This question has been posted here before, but I am not getting the correct answer following the intended solution, so I'd like some insight. Reposting for clarity:
Two people, $A$ and $B$, have a 30-sided and 20-sided die, respectively. Each rolls their die, and the person with the highest roll wins. ($B$ also wins in the event of a tie.) The loser pays the winner the value on the winner's die. How does the expected value of the game for player $A$ change when player $B$ can re-roll?
So, I've confirmed that $B$ should re-roll in the case that (s)he rolls some value $v $ such that $v\leq11$. I'm not sure where I'm going wrong in calculating the EV for $A$, though. Assuming one re-roll, I have
$$EV_A = \frac{1}{30}[21+\cdots+30] - \frac{1}{30}\cdot(\frac{1}{9} + \frac{11}{20}\cdot\frac{1}{9})[12+\cdots+20] - \frac{1}{30}\cdot(\frac{11}{20}\cdot\frac{1}{11})[1+\cdots+11]=7.5633$$
However, the correct answer is $5.4275$.
Secondly, what if $B$ was allowed as many as re-rolls as (s)he wants? Would the $EV$ for $A$ be
$$EV_A = \frac{1}{30}[21+\cdots+30] - \frac{1}{30}\cdot\frac{1}{9}[12+\cdots+20] - \frac{1}{30}[1+\cdots+11]=5.766$$
This is because $B$ is guaranteed to land in the range $12-20$; hence, if $A$ rolls between $1-11$, (s)he is surely to lose. Any help would be appreciated!

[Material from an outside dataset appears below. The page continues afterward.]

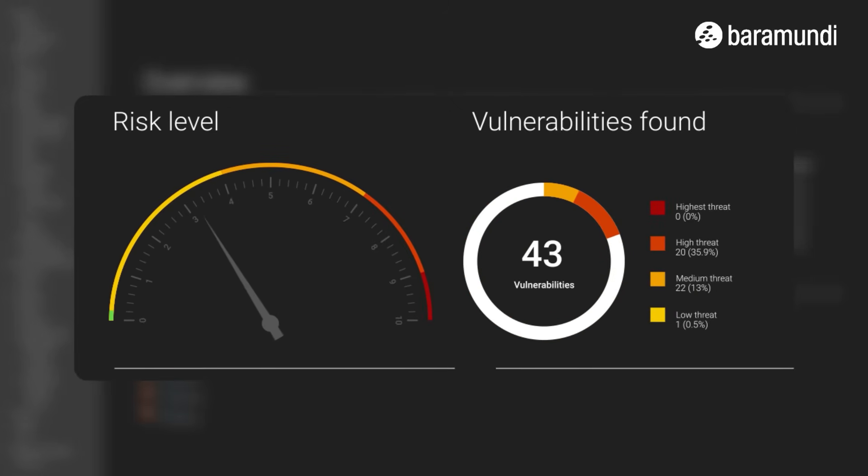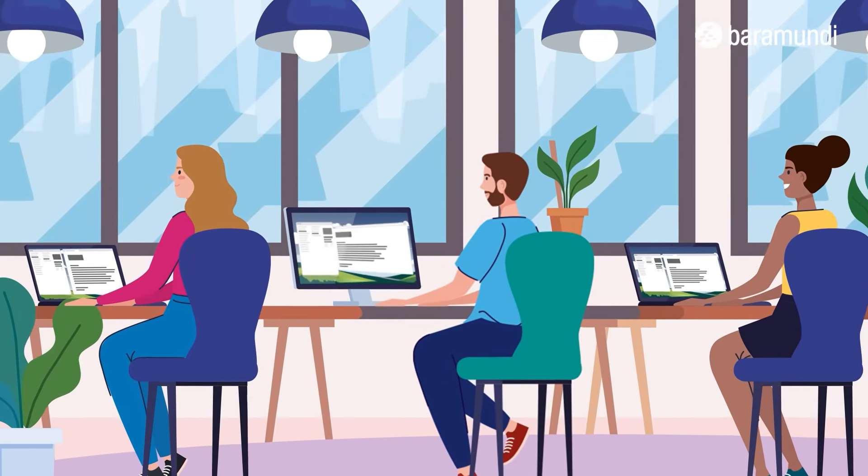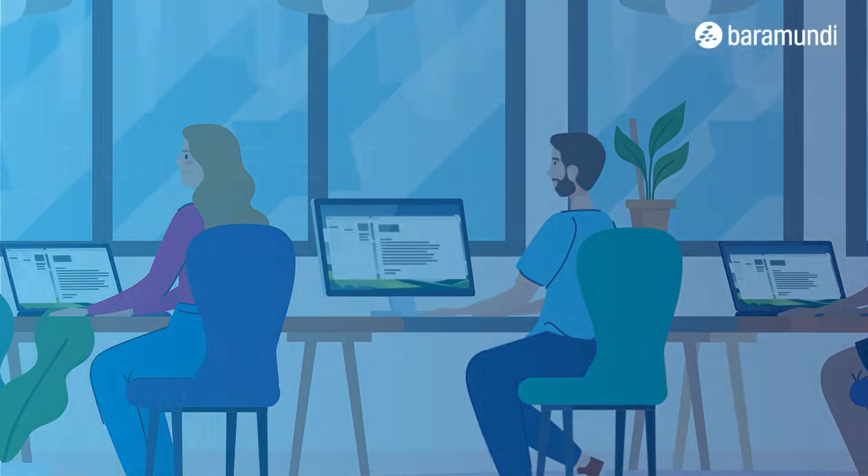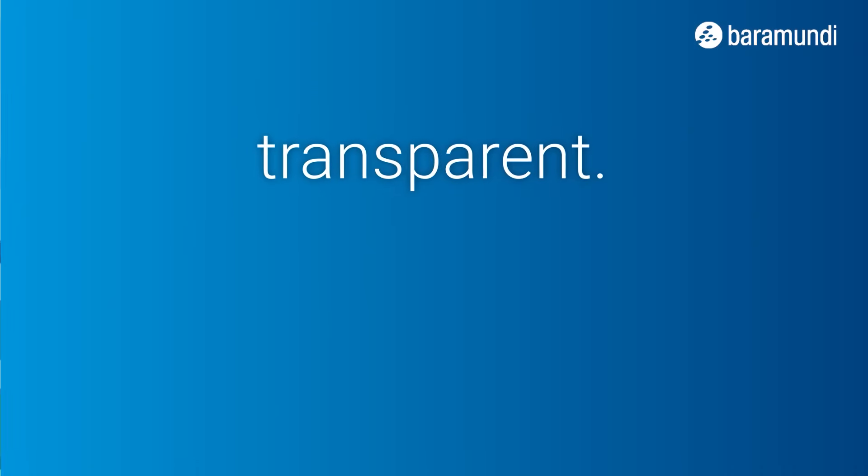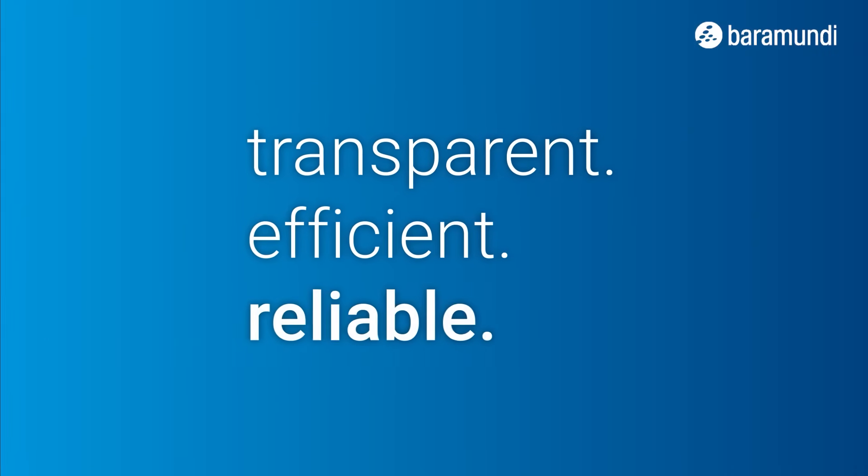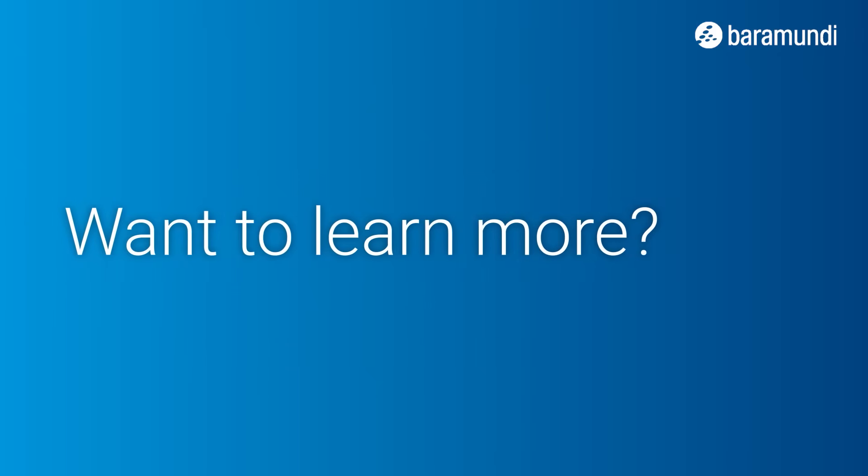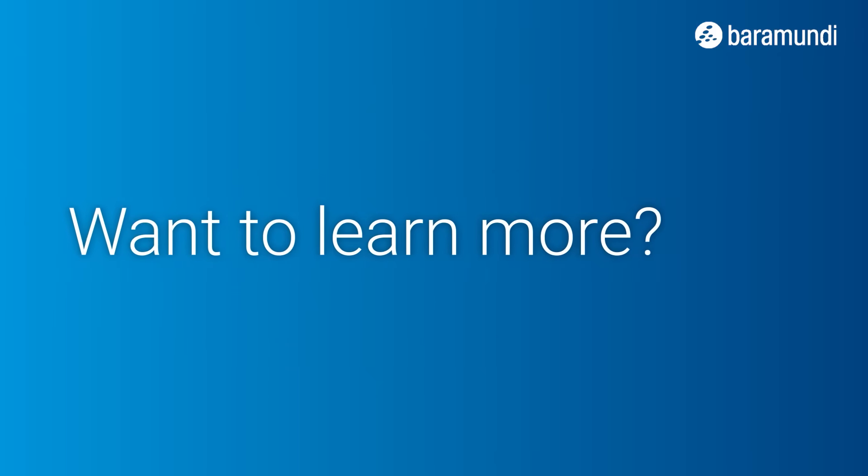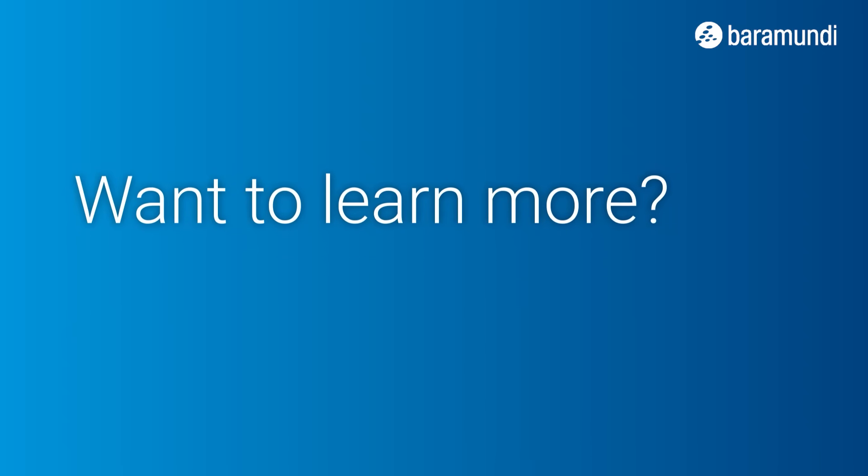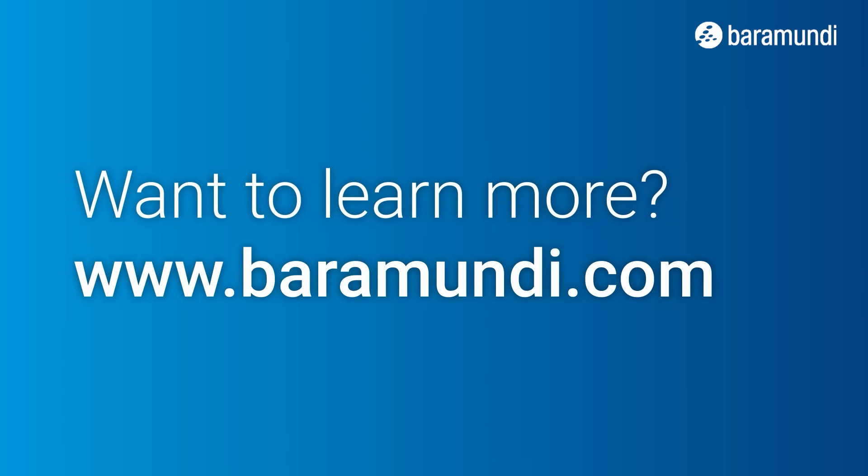Vulnerability management is the key to securing IT infrastructure. Baramundi makes the process transparent, efficient, and reliable. Want to learn more? For more information on our vulnerability scanner, visit baramundi.com.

$\sum_\limits{x=1}^{20}\sum_\limits{y=x+1}^{30}\ P(X=x)P(Y=y)y-\sum_\limits{x=1}^{20}\sum_\limits{y=1}^{x}\ P(X=x)P(Y=y)x$
Without re-rolls
$\frac 1{600}\sum_\limits{x=1}^{20} \frac {(30+x+1)(30-x)}{2}-x^2\\ \frac 1{600}\sum_\limits{x=1}^{20} \frac {(30)(31)-x^2-x}{2} - x^2\\ \frac 1{600}\sum_\limits{x=1}^{20} 465 -\frac {3}{2}x^2 - \frac 12 x\\ \frac 1{600}(465*20 - \frac {20(21)(41)}{4}-\frac {(20)(21)}{4})\\ \frac 1{600}(465*20 - \frac {20(21)(42)}{4})=8.15 $
Allowing for a reroll.
$P(X=x) = \begin{cases} \frac {1}{40} & x\le 10\\\frac {3}{40} & x>10\end{cases}$
$\frac {1}{1200}(\sum_\limits{x=1}^{10}\sum_\limits{y=x+1}^{30}y-\sum_\limits{x=1}^{10}\sum_\limits{y=1}^{x}x+\frac {3}{1200}(\sum_\limits{x=11}^{20}\sum_\limits{y=x+1}^{30}y-\sum_\limits{x=11}^{20}\sum_\limits{y=1}^{x}x)\\ \frac 1{1200}\sum_\limits{x=1}^{10} 465 -\frac {3}{2}x^2 - \frac 12 x+3(\sum_\limits{x=11}^{20} 465 -\frac {3}{2}x^2 - \frac 12 x)\\ \frac 1{1200}((465*10 - \frac {10(11)(22)}{4}) + 3(465*10 - \frac {20(21)(42))}{4}+\frac {10(11)(22))}{4})\\ \frac 1{1200}((465*40 + \frac {10(11)(22)}{2} - 3\frac {20(21)(42)}{4})\approx 5.48$
For multiple re-rolls, you just need to work out the PDF for $X$.